What you missed while reading how The Onion broke down the year in basketball…
Spurs 109, Nuggets 103: The band is back together in Denver, everyone was back from injury (well, everyone except Carmelo Anthony who is dealing with a death in the family). The Nuggets had Chauncey Billups back running the show at the point. They had Kenyon Martin crashing the boards.
It’s still not enough because the Spurs are deep — Gary Neal had 22 and Tiago Splitter had 12 on 6 of 7 shooting off the bench. The Spurs just keep on winning.
Bulls 87, Wizards 80: “Here, you take it.” “No, it’s yours, I insist.” “No, I really insist, you must take this.” “I’m sorry I just can’t, it’s yours.”
That’s pretty much the fourth quarter dialogue between these teams as neither squad took charge of a game that was there for the taking. Washington shot 27 percent in the fourth and had 10 points, the Bulls shot 35 percent and had 14 in the fourth. But the Bulls also have Derrick Rose and Carlos Boozer, who combined for 55 points and won the game.
Pistons 115, Raptors 93: Rip Hamilton can still ball. There were questions about him quitting on the team recently and to answer that he came out and showed he can still knock down shots and make the key plays to spark a win.
Hawks 98, Cavalier 84: Atlanta is the better team. Cleveland has nobody who can shoot like Joe Johnson (23 points) or score inside like Al Horford (18 points). This game basically just went to form.
Celtics 84, Sixers 80: Credit the Sixers — the night after a horrific performance against the Bulls they came out against a superior opponent and made a game of it. Credit the Sixers defense or blame the Celtics offense, whatever you want, but Boston did not shoot well, didn’t get to the line as much as Philly and it was the 12 offensive rebounds (to the Sixers six) that was the difference. Well, that and a great block by Kevin Garnett on Andre Iguodala going for the tie late. Elton Brand with 16 points and 12 boards deserves a mention.

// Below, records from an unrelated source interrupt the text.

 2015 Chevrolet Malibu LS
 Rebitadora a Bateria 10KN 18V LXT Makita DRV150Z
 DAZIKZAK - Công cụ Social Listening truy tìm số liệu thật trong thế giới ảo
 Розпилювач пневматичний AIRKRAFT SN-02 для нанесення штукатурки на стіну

Knicks 112, Thunder 98: The Knicks dominated this one from the start and got a quality win. If you’re the Thunder you can call this a “schedule maker’s loss” — fourth game in five nights, second night of a back-to-back on the road and you have to run with he Knicks? There were 97 possessions in this one (right at the Knicks season average but faster than the Thunder prefer). OKC has the players to run when their fresh but they did not look fresh Wednesday. New York was getting into the paint and the threes were not contested (10-21 shooting from deep for the Knicks).
Jazz 112, Timberwolves 107: Oh, Minnesota, you find new and painful ways to lose and torture your fans. After getting crushed by the Clippers on the road — a game where afterwards every player in the locker room talked about the need for the team to grow up — and they had a 15-point lead late in the third against the Jazz. They were up 7 with three minutes to go. But Utah made a steady climb back the entire fourth.

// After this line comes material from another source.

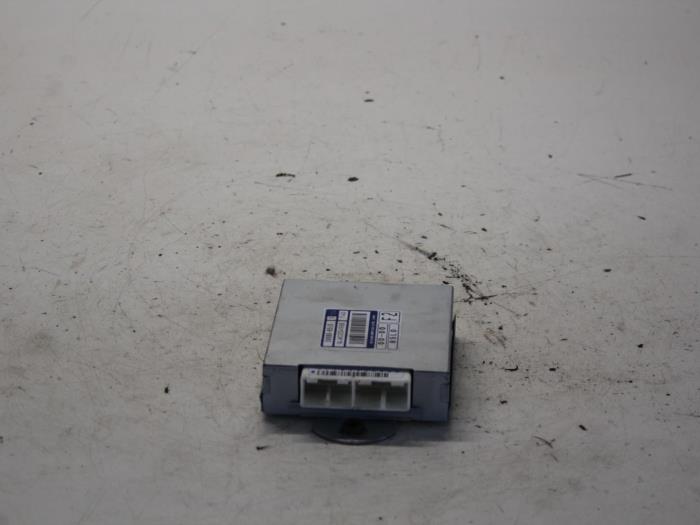 Dator, automatisk växellåda från en Suzuki Splash 1.2 VVT 16V 2015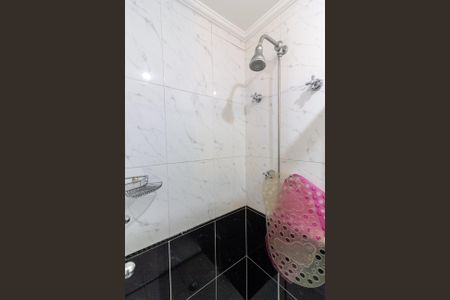 Apartamento para alugar com 122m², 3 quartos e 2 vagas Apartamento para alugar com 122m², 3 quartos e 2 vagasBanheiro Social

Minnesota has itself to blame for the final three minutes. There was Martel Webster fouling Paul Millsap after he grabbed a defensive rebound, stopping the clock and sending him to the line. There was Luke Ridnour launching a three with 10 seconds left on the shot clock. There was not making the quick foul when down one with just a few seconds left, instead letting the Jazz make a couple quick passes to Gordon Haywood, who was streaking in for the dunk and got a clinching and one.

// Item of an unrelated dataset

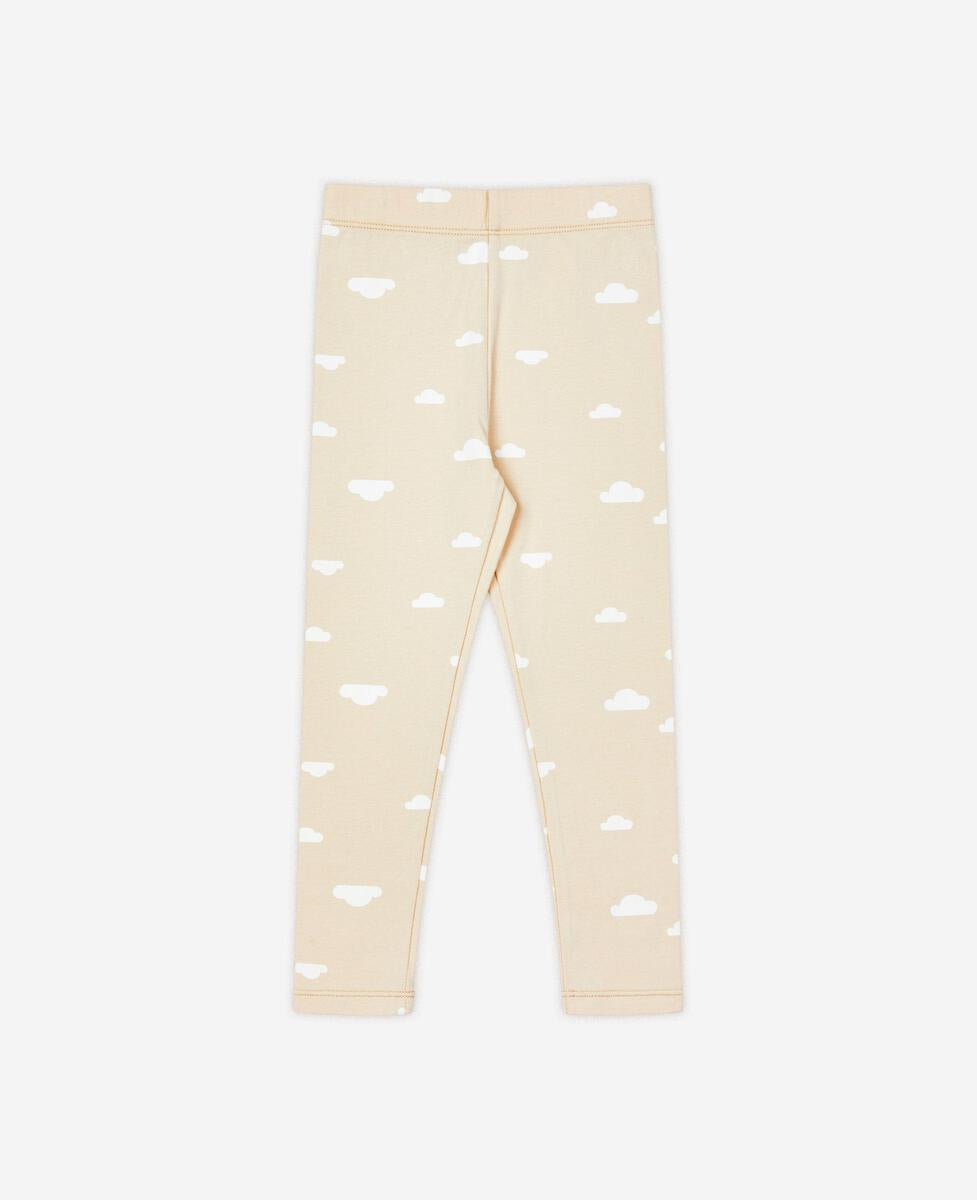 Petite Revery Leggings- Desert Clouds (Leggings-Desert-Clouds)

When it mattered, Utah new how to execute, Minnesota did not. That simple.
Hornets 105, Nets 91: New Orleans was just getting the shots they wanted and knocking down everything — they shot 53.9 percent, or a blistering 59.2 percent eFG% which accounts for the extra points from hot three point shooting. I thought Brook Lopez looked good in this one, but it was too little.
Rockets 97, Clippers 92: This was probably the most entertaining game of the night. Blake Griffin did his Griffin thing — he almost hit his face on the rim on one dunk — but the Rockets got the fast pace they wanted (98 possessions) and they are just better in transition. The pattern of this game was for the Rockets to jump out to a big lead — they were up 27-11 early — then for the Clippers to battle back and get close, only to have the Rockets spread the lead way out again. The Clippers kept making runs but never got over the hump.